| What the task requires |
Nothing should be dropped or changed: copy every line of the listing.

(Data excerpts Opens)

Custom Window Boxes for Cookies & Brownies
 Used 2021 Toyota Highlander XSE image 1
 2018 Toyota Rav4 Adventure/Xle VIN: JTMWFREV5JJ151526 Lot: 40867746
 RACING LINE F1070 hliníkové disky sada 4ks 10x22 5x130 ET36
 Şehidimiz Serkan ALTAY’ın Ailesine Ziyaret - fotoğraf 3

(Data excerpts Closes)

| Your solution |
Custom Window Boxes for Cookies & Brownies
 Used 2021 Toyota Highlander XSE image 1
 2018 Toyota Rav4 Adventure/Xle VIN: JTMWFREV5JJ151526 Lot: 40867746
 RACING LINE F1070 hliníkové disky sada 4ks 10x22 5x130 ET36
 Şehidimiz Serkan ALTAY’ın Ailesine Ziyaret - fotoğraf 3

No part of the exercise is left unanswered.